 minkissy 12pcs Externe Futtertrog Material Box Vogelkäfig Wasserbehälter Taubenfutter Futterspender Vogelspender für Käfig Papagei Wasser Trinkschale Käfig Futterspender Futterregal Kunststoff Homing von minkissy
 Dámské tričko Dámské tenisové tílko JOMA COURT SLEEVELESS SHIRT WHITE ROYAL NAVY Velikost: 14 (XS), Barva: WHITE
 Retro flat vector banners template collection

...

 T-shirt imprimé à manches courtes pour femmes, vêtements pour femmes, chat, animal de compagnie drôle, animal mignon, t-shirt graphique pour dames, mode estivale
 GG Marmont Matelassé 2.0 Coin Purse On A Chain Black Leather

...

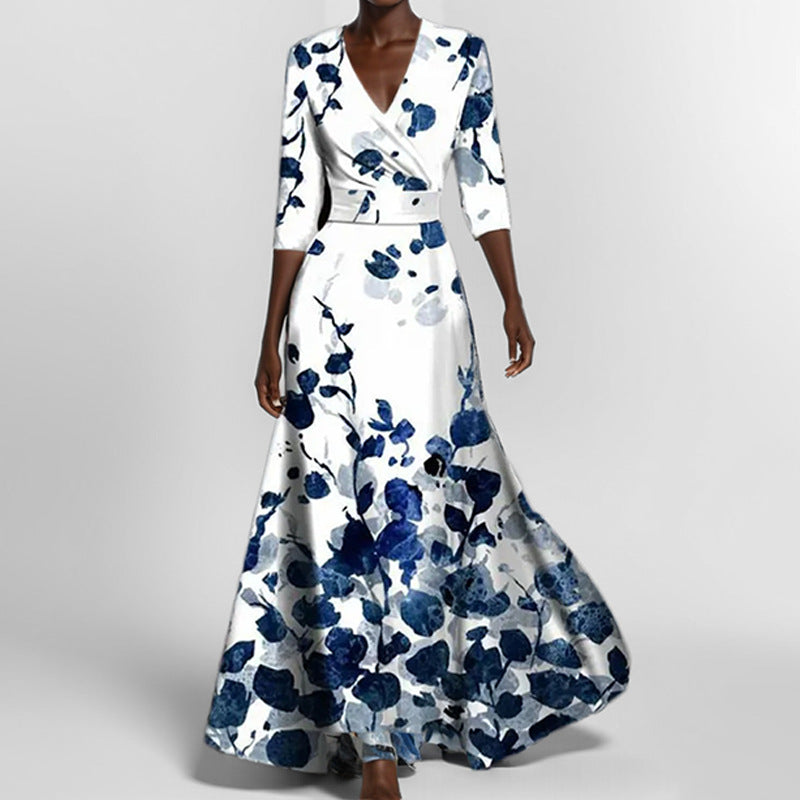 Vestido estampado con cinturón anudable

→ INSTRUCTIONS FOR THE TASK:
Find the line with "Dámské tričko Dámské" in the material above. Reproduce it and each line after it up to and including the line with "Retro flat vector".

→ SOLUTION FOR THIS PROBLEM:
 Dámské tričko Dámské tenisové tílko JOMA COURT SLEEVELESS SHIRT WHITE ROYAL NAVY Velikost: 14 (XS), Barva: WHITE
 Retro flat vector banners template collection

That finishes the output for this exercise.